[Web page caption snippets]
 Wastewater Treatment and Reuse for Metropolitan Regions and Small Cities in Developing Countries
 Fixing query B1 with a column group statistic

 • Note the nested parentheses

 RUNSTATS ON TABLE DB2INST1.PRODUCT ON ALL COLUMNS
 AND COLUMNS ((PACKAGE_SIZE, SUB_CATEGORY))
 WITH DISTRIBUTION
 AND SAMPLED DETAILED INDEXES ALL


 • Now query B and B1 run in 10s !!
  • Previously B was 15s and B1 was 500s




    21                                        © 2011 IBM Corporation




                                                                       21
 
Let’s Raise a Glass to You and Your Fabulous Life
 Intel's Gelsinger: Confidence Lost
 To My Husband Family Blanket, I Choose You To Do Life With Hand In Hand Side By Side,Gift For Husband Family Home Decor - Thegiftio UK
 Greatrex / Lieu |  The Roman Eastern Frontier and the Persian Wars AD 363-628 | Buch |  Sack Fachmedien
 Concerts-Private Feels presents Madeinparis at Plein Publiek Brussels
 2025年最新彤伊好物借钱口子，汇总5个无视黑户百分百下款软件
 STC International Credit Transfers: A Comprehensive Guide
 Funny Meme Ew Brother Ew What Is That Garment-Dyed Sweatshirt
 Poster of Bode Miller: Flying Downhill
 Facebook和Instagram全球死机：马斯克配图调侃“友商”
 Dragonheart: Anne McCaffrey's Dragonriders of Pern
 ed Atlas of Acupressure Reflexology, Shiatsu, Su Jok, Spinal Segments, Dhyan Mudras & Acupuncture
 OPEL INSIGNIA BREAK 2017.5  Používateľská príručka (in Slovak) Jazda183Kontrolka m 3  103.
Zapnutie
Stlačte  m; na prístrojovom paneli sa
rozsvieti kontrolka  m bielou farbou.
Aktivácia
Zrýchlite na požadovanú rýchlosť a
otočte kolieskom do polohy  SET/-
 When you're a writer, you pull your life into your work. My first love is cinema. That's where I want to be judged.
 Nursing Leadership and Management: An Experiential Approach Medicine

## WHAT YOU HAVE TO DO
What lines above hold the word "That"? List them all.

## TASK ANSWER
 Funny Meme Ew Brother Ew What Is That Garment-Dyed Sweatshirt
 When you're a writer, you pull your life into your work. My first love is cinema. That's where I want to be judged.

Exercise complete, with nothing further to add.